• **WORK ITEM**:
The material below includes pictures; leave them out and return only the lines between the line containing "Yaprak - net" and the line containing "Scs sentinel prise", inclusive, word for word.

• **DATA TO USE**:
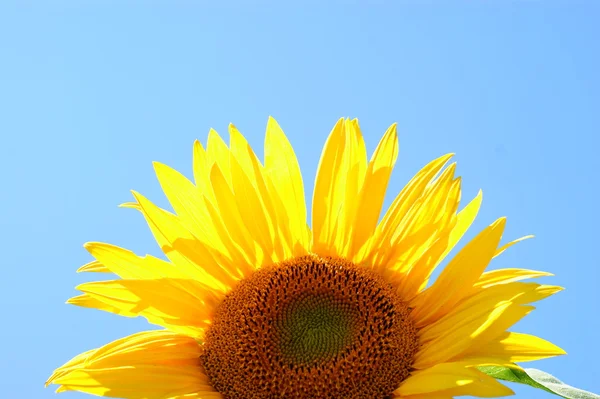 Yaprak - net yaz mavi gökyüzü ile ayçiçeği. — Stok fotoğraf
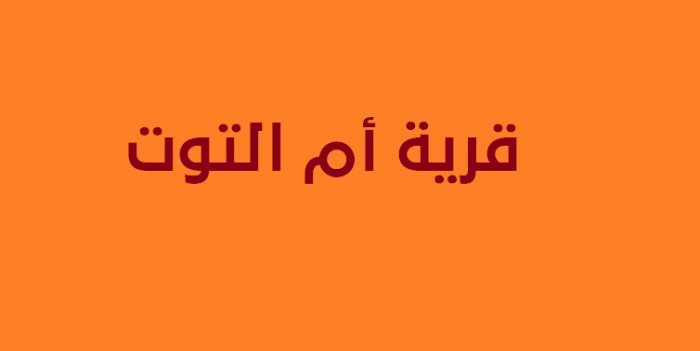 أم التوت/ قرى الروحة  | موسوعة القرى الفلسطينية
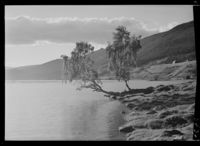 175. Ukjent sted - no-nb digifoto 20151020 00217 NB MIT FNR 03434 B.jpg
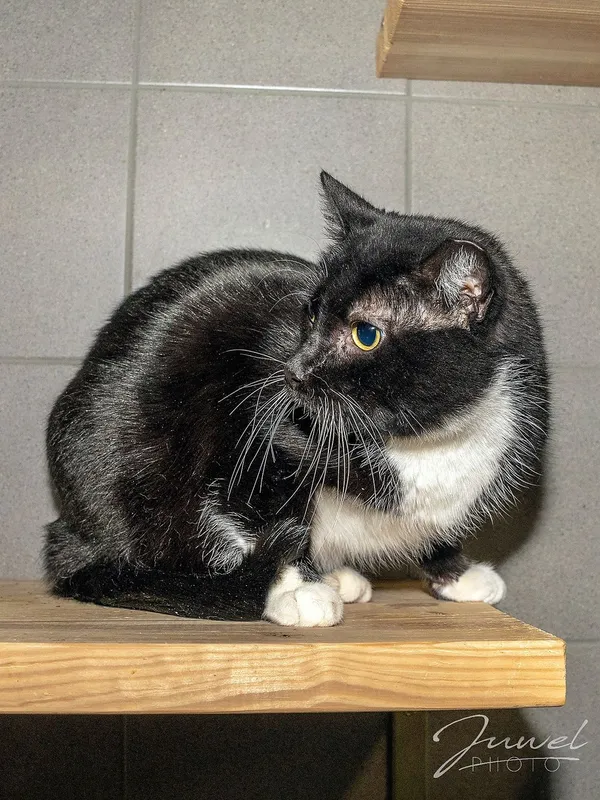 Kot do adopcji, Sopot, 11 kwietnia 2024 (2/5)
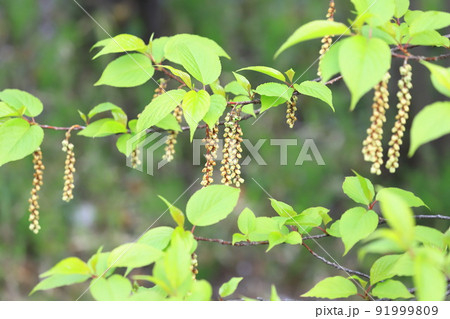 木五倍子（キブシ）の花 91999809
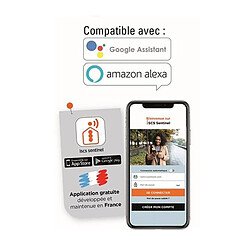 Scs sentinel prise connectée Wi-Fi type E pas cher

---

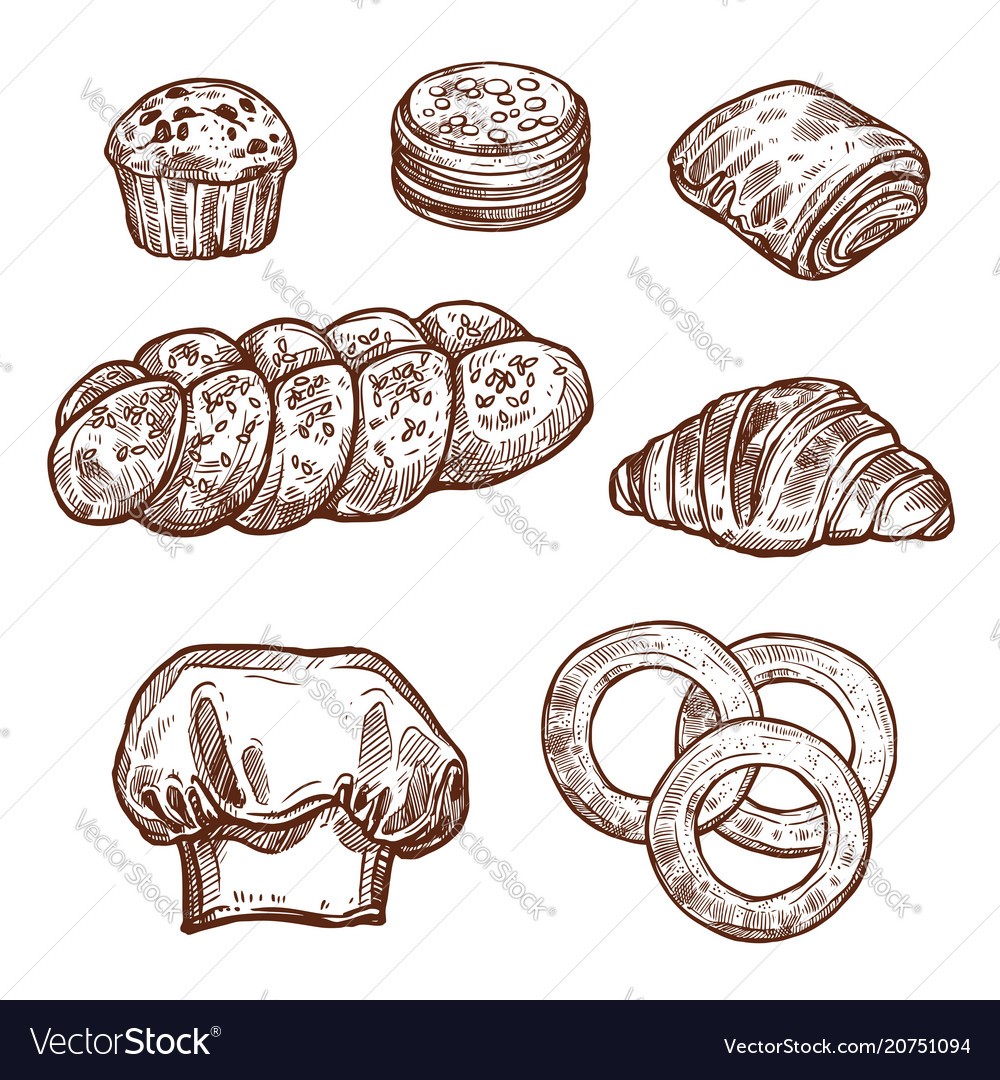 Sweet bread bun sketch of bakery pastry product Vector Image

---

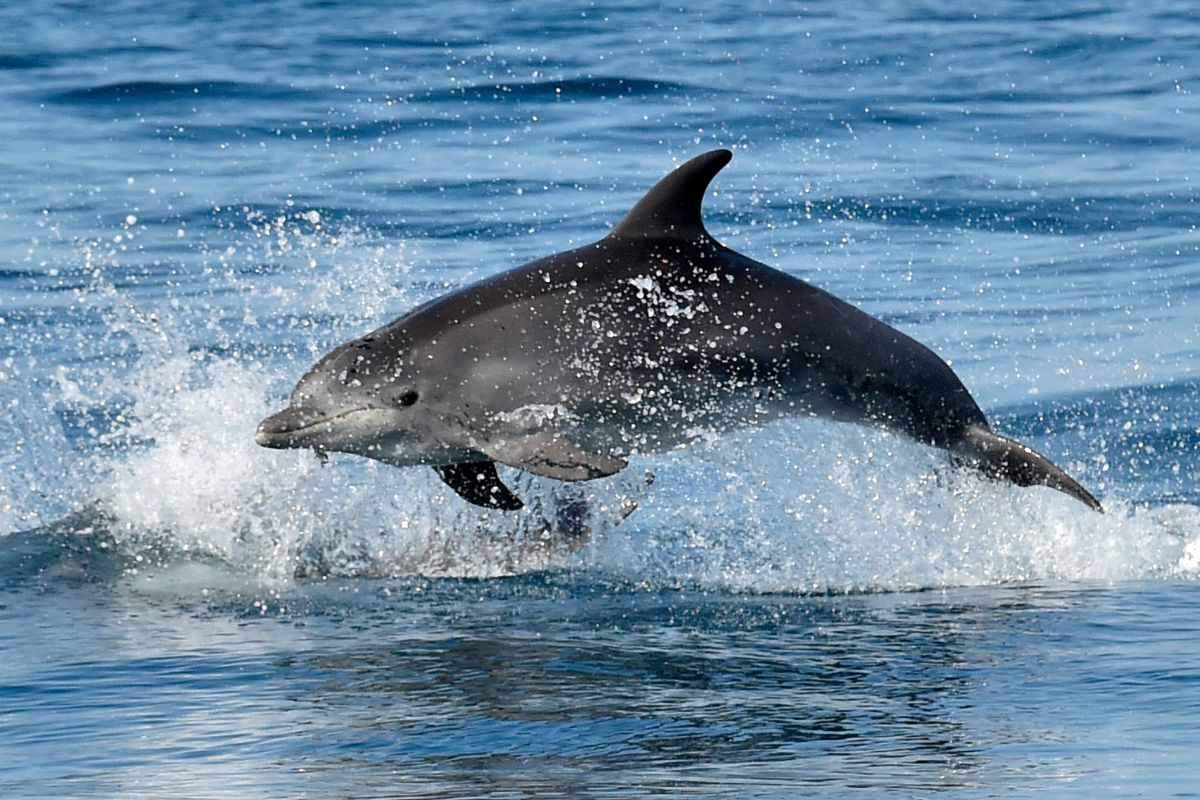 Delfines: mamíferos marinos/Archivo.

• **THE COMPLETED TASK**:
 Yaprak - net yaz mavi gökyüzü ile ayçiçeği. — Stok fotoğraf
 أم التوت/ قرى الروحة  | موسوعة القرى الفلسطينية
 175. Ukjent sted - no-nb digifoto 20151020 00217 NB MIT FNR 03434 B.jpg
 Kot do adopcji, Sopot, 11 kwietnia 2024 (2/5)
 木五倍子（キブシ）の花 91999809
 Scs sentinel prise connectée Wi-Fi type E pas cher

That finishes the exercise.